The charges filed against him were later thrown out by Los Angeles County Superior Court Justice Halim Dhanidina, who ruled that the arrest was unconstitutional.

“You’re hunting for gay people,” Moroney said of sting operations like the one he was arrested in. “In my case, they were parked in their four cars, four separate cars, waiting for a gay guy to enter that restroom.”

In October, four years after his arrest, Moroney settled his civil case with the Long Beach Police Department outside of court for an undisclosed amount. The same month, five men settled a class-action lawsuit related to similar sting operations of gay men in public restrooms with the San Jose Police Department for $125,000 total, which ended up being about $15,000 per plaintiff after subtracting legal fees.

At the heart of these cases is a practice that police departments throughout the state say has ended. But LGBTQ rights advocates in California say it hasn’t gone away entirely and is rooted in an insidious history of gay men being stereotyped as predators. Police departments are now feeling the repercussions of this unconstitutional practice in the form of civil lawsuits.

San Carlos-based civil rights attorney Bruce Nickerson, who represented Moroney, estimates that between 40,000 and 50,000 people in California, mainly gay men, have been arrested in illegitimate police decoy operations since 1979, the year the California Supreme Court redefined lewd conduct to include a question of whether an action was highly offensive to an observer. He arrived at that number after reading through the details of arrest reports involving decoy operations from Alameda County, Los Angeles County, San Diego County, Contra Costa County and other areas of the state.

“That’s my estimate as to how many total arrests for lewd conduct [there are] that are invalid in California,” Nickerson said.

For decades, Nickerson has argued at various levels of California courts that police decoy operations discriminate against gay men.

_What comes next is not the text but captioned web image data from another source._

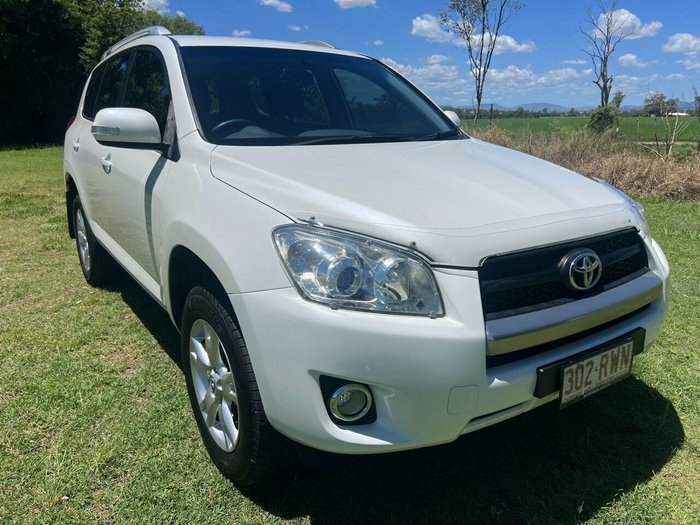 2011 TOYOTA RAV4 CV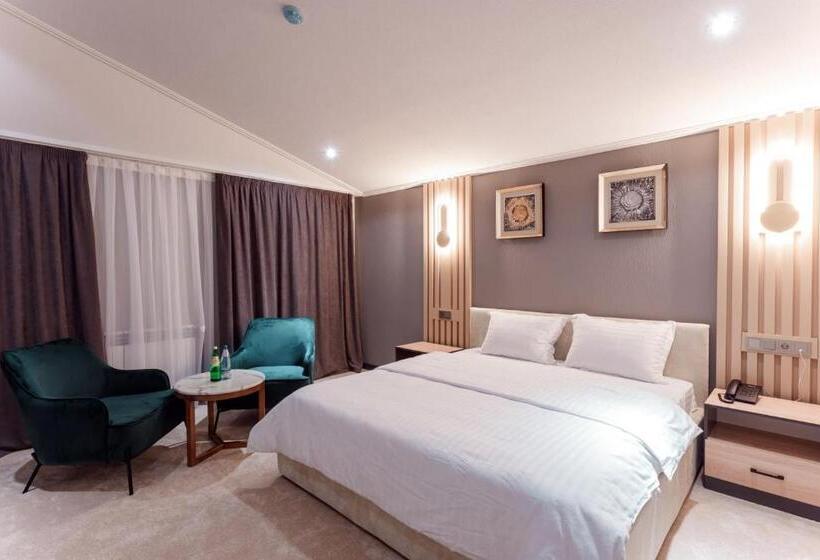 سوییت, Husma Hotel & Spa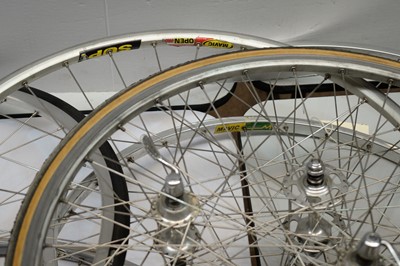 Lot 725 - Six road bike wheels.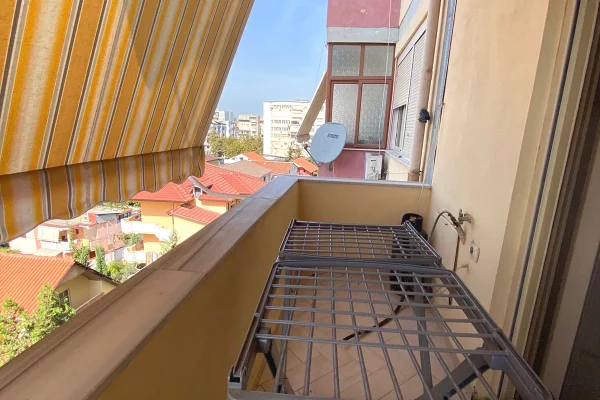 Shtepi me qera Apartament ne Tirane, 2+1, Mobilimi E mobiluar, Pagesa 55,000  Leke.
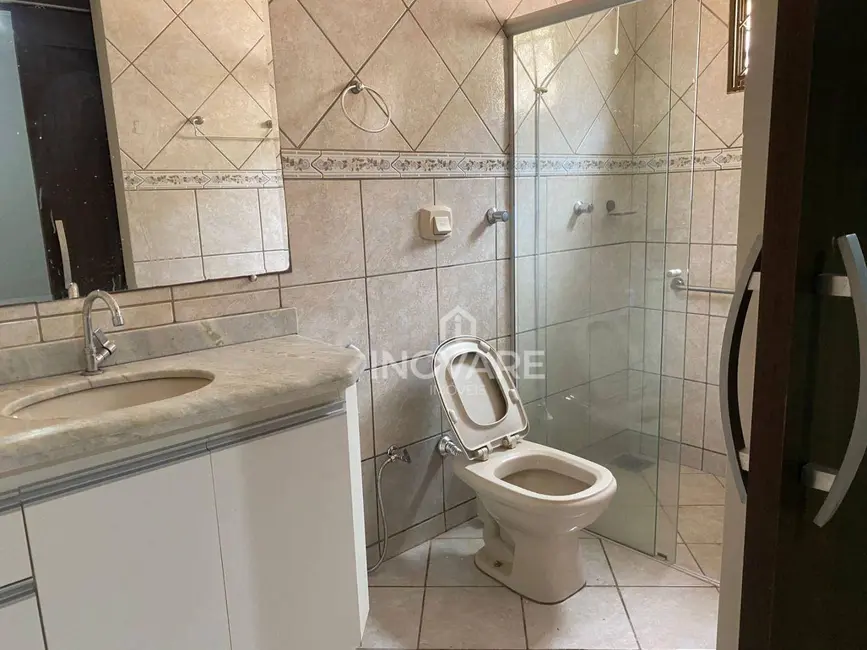 Casa com 3 quartos à venda, 360m2 em Residencial Jardim Primavera, Itumbiara - GO - imagem 8 Foto 8 de Casa com 3 quartos à venda, 360m2 em Residencial Jardim Primavera, Itumbiara - GO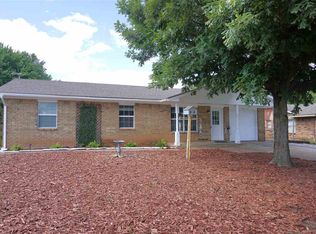 207 E Tower Ave, Perry, OK 73077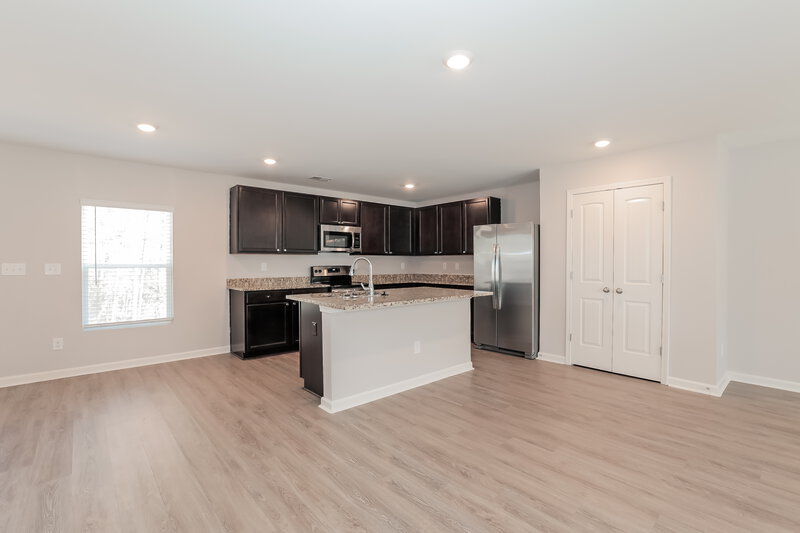 2,185/Mo, 270 River Walk Farm Pkwy Covington, GA 30014 Misc View 3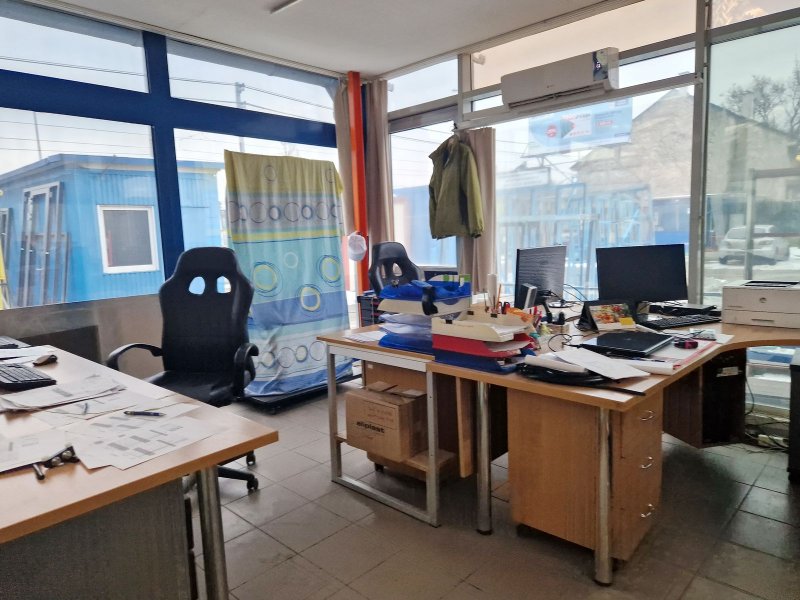 Ipari csarnok befektetőknek vagy saját használatra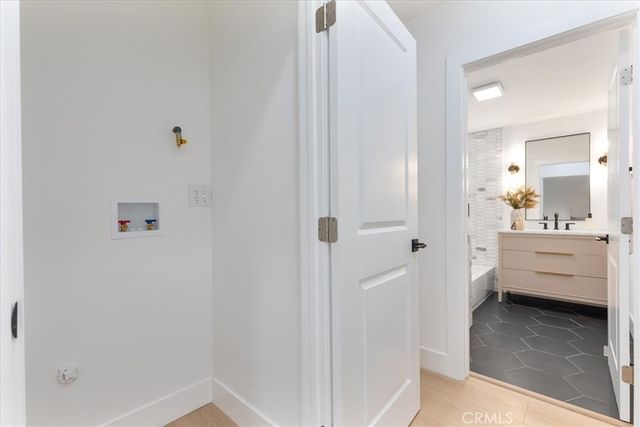 9921 Westwanda Drive, Beverly Hills, CA 90210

Straight men and women are rarely if ever, targeted in undercover operations involving non-monetary sex, according to the civil rights attorney.

Nickerson has represented clients in San Jose, Mountain View, San Leandro, Manhattan Beach, Bakersfield and other California cities.

Twentieth-Century Way

The history of police sting operations targeting gay men in California goes back a hundred years. The 2010 play “ The Twentieth-Century Way” by Tom Jacobson tells the true story of two actors hired by the Long Beach Police Department in 1914 to arrest gay men in public bathrooms.

A 1966 report titled “The Consenting Adult Homosexual and the Law: An Empirical Study of Enforcement and Administration in Los Angeles County” published in the UCLA Law Review concluded that decoy operations were neither a justified nor effective practice.

A description of police decoy operations in a paper published in the 1965-66 UCLA Law Review titled “The Consenting Adult Homosexual and the Law: An Empirical Study of Enforcement and Administration in Los Angeles County.” (Connor Richards / Peninsula Press)

“Empirical data indicates that utilization of police manpower for decoy enforcement is not justified,” the law students wrote after looking at arrest data for Los Angeles County. “It is accordingly recommended that operations of suspected homosexuals by police decoys be eliminated …”

The researchers also recommended any “dress, language or gestures employed by the decoy (officer) to indicate a desire for a homosexual relationship should be prohibited.”

Despite this research in the 1960s, the Long Beach Police Department and others continued to conduct these operations for decades.

The Long Beach Police Department declined to provide a comment or interview and referred the Peninsula Press to the department’s “Handling of Lewd Complaints” procedure. The policy was revised in 2017 to specifically state that officers investigating lewd conduct “will not engage in discriminatory practices … including [against] sexual orientation …”

Stephanie Loftin, a civil rights attorney in Long Beach who also represented Moroney, used to chair a gay and lesbian advisory group for the Long Beach Police Department. “And I probably spent 15 years there beating my head up against the wall trying to get them to pay attention to the case law with regards to the lewd conduct arrests,” Loftin said in a phone interview.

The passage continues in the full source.